Alan Thicke is a Canadian actor, songwriter and game and talk show host best known for his role as Jason Seaver, the patriarch in the ABC sitcom Growing Pains (1985-1992). The show ran for 7 seasons with a total of 166 episodes aired. He is the father of singer, songwriter, record producer, Robin Thicke.

Other television appearances include The Alan Thicke Show, Thicke of the Night, The Love Boat, 7th Heaven, Joey, How I Met Your Mother, I’m in the Band, Celebrity Wife Swap, Scream Queens and Unusually Thicke (reality show). Thicke’s book, How to Raise Kids Who Won’t Hate You has been a popular sequel to his amusing How Men Have Babies: The Pregnant Father’s Survival Guide.

"I’d like to think I’ve tried just about everything. I don’t think there’s anything I haven’t done. There are several things I’d like to do better. The great thing about the entertainment business is that you never know. There’s always that opportunity just around the corner of some other challenge or thing you get invited to do; then you can raise your game.

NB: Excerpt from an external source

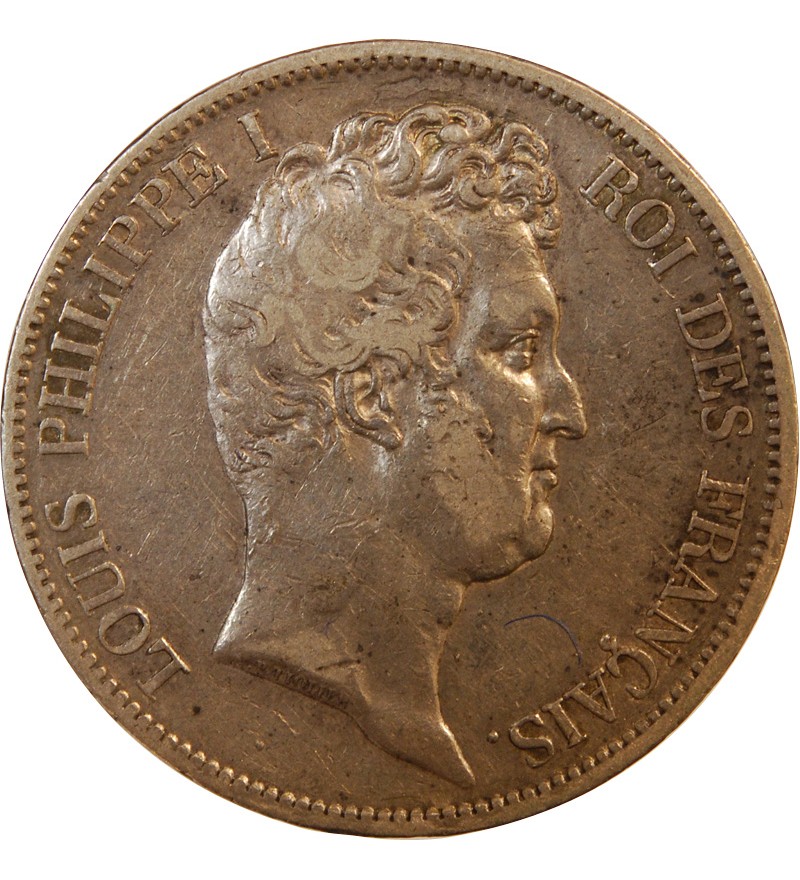 LOUIS PHILIPPE﻿ - 5 FRANCS ARGENT 1830 A PARIS "Type Tiolier avec le I, Tr creux"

I think there’s no ceiling that way."

Thicke stars alongside Rachel Boston, Niall Matter, Lini Evans and Teryl Rothery, in Hallmark’s original movie, Stop the Wedding, which premieres on June 11, 2016. He will also make an appearance on the Netflix original series, Fuller House, during its second season.

Melissa Parker (Smashing Interviews Magazine): Alan, in Stop the Wedding, you play a handsome celebrity stud who’s been married several times. What can you tell us about the movie?

Alan Thicke: Well, I like that description, handsome celebrity stud. I like that. But yes, this character has been married a few times. I’m referred to, I think, in their PR as a mature actor, which is a nice way of saying older, fading, or whatever else that may describe this guy, which makes him suspicious in the plot. I’ve been married four times, and I’m having a whirlwind romance literally a month or so, with a widow, so both my family and hers are suspicious that there might be some ulterior motive there. Therein lies the stuff to stop the wedding.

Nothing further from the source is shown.